In diesem Klima verwundert es nicht, dass auch die Hemmschwelle verschwunden ist, interne Machtkämpfe mit der Faust zu klären – wäre nicht zufällig die Mannschaft Zeuge des Vorfalls auf dem Rastplatz geworden, das Thema wäre eine weitere szeneinterne Randnotiz. Die Frage lautet daher: Wie geht es nun weiter und wie sehen die Konsequenzen aus? Wie bereits erwähnt, wird von den Tätern niemand verurteilt werden oder aus dem Stadion verschwinden, denn: Wo kein Kläger, da kein Richter. Die beteiligte(n) Gruppe(n) kollektiv abzustrafen entspricht keiner gängigen Rechtsauffassung. Ein runder Tisch mit den Beteiligten käme einer Belohnung für die Gewaltakte gleich. Es kann also nur darum gehen, Strategien für die Zukunft zu entwickeln, damit sich derartige Vorkommnisse nicht wiederholen. Vereinsseitig sind hier Bemühungen zu unternehmen, einen Kodex mit Fanclubvertretern auszuarbeiten (die explizit nicht nur aus der Ultraszene stammen dürfen), der bei derartigem Fehlverhalten einen internen Ausschluss aus der Kurve vorsieht, der notfalls auch mit Stadionverboten durchgesetzt werden muss. RWE hat einen Fanvertreter, der aus der Ultra-Szene stammt und hier hoffentlich vermittelnd wirken kann.

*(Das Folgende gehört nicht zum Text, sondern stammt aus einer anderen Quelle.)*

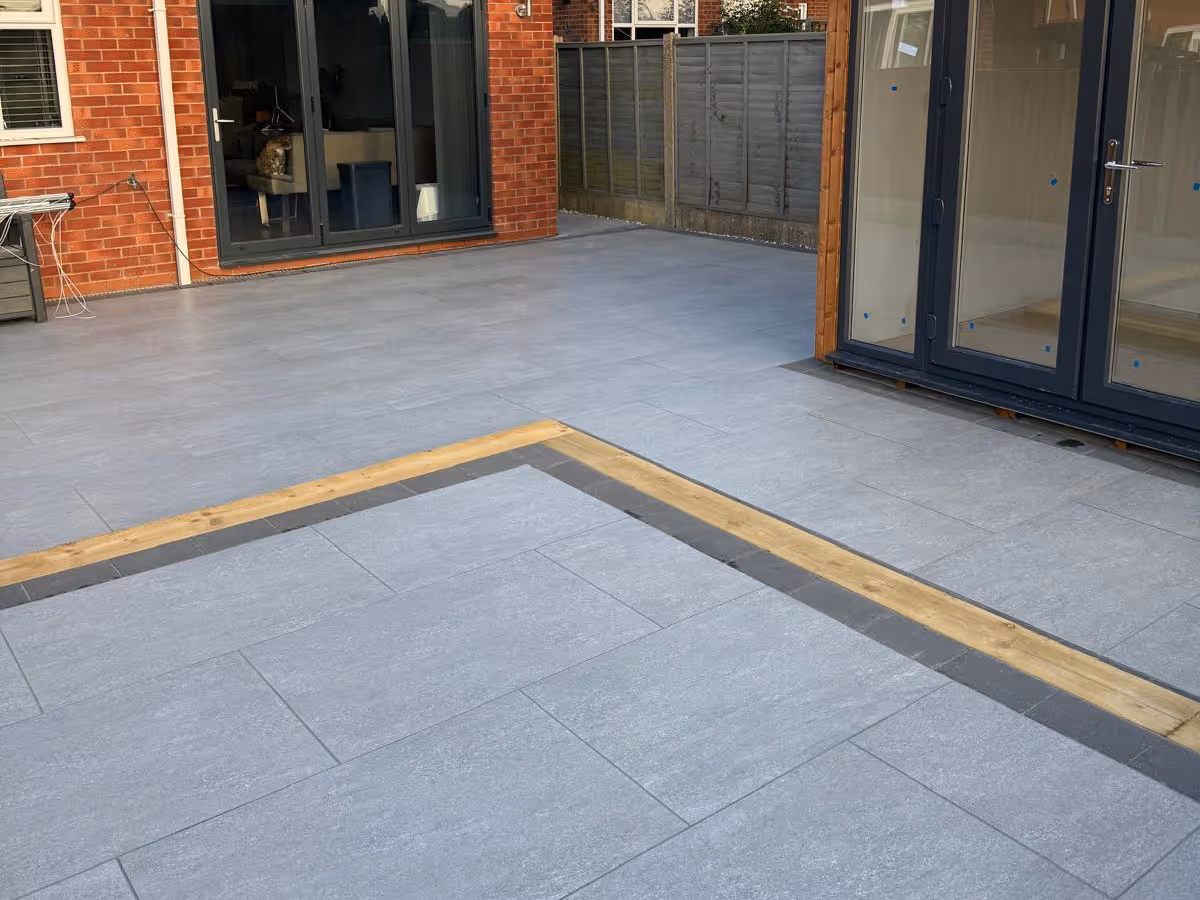 Garden room, porcelain patio with charcoal pencil edge paving and sleepers. - angle 2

Die Vereinsvertreter sind gefordert, denn auch wenn es Marcus Uhlig „ankotzt“, immer wieder über derartige Vorfälle sprechen zu müssen, wurde nach den Vorfällen z.B. vom Blocksturm in Münster oder dem Hooligan-Aufmarsch beim Auswärtsspiel in Gelsenkirchen eben kein Zeichen gesetzt und strukturell nichts verändert. Auch der Kommentar unter der Woche nach dem Bayreuth-Spiel war nichtssagend und wenig hilfreich. Zugegeben, in der Haut eines Vereinsverantwortlichen möchte man in solchen Situationen nicht stecken, sodass eben nicht Ross und Reiter beim Namen genannt werden, sondern eher verklausuliert wird. Die folgende Aktion im Stadion war ein Wachrüttler der kickenden Angestellten, aber sie kann nur der Anfang gewesen sein. Wer fast 10.000 Dauerkarten und einen Zuschauerschnitt von 15.000 im Abstiegskampf der dritten Liga gerne mitnimmt, muss sich auch um die negativen Begleiterscheinungen kümmern, die der vielzitierte „schlafende Riese“ mit sich bringt. Es bleibt zu hoffen, dass der Großteil der Essener Ultraszene noch vernunft- und dialogfähig genug ist, diesen Selbstreinigungsprozess mitzutragen, denn als Außenstehender kann man sich von derartigem Verhalten nur kopfschüttelnd abwenden. Ein positives Zeichen nach dem Böllerwurf gegen Preußen Münster war, dass die FFA und das Bündnis Westtribüne im Anschluss daran tatsächlich eine kollektive Verurteilung eben solcher Böllerwürfe hinbekommen hat. Der kommende Weg und Prozess werden jedoch deutlich schwerer, aber ebenso notwendig werden.